[Recorded data]

------

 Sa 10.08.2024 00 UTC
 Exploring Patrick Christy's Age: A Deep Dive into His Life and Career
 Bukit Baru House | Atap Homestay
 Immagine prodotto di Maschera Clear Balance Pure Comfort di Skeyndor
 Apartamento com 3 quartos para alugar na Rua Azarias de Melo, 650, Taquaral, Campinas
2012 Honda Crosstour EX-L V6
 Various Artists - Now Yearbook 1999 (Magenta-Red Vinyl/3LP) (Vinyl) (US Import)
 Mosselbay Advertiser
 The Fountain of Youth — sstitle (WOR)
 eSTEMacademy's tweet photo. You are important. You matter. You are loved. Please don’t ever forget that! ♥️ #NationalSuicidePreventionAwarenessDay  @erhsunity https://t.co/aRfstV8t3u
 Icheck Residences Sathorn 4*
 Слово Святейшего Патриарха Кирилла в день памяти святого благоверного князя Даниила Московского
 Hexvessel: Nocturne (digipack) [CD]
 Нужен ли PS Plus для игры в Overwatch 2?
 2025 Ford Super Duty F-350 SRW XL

------

- **ABOUT THIS TASK**
Of the entries above, repeat exactly the lines from the line with "Exploring Patrick Christy's" through the line with "Нужен ли PS Plus для игры в Overwatch 2?", both of them included.

- **OUTPUT FOR THIS TASK**
 Exploring Patrick Christy's Age: A Deep Dive into His Life and Career
 Bukit Baru House | Atap Homestay
 Immagine prodotto di Maschera Clear Balance Pure Comfort di Skeyndor
 Apartamento com 3 quartos para alugar na Rua Azarias de Melo, 650, Taquaral, Campinas
2012 Honda Crosstour EX-L V6
 Various Artists - Now Yearbook 1999 (Magenta-Red Vinyl/3LP) (Vinyl) (US Import)
 Mosselbay Advertiser
 The Fountain of Youth — sstitle (WOR)
 eSTEMacademy's tweet photo. You are important. You matter. You are loved. Please don’t ever forget that! ♥️ #NationalSuicidePreventionAwarenessDay  @erhsunity https://t.co/aRfstV8t3u
 Icheck Residences Sathorn 4*
 Слово Святейшего Патриарха Кирилла в день памяти святого благоверного князя Даниила Московского
 Hexvessel: Nocturne (digipack) [CD]
 Нужен ли PS Plus для игры в Overwatch 2?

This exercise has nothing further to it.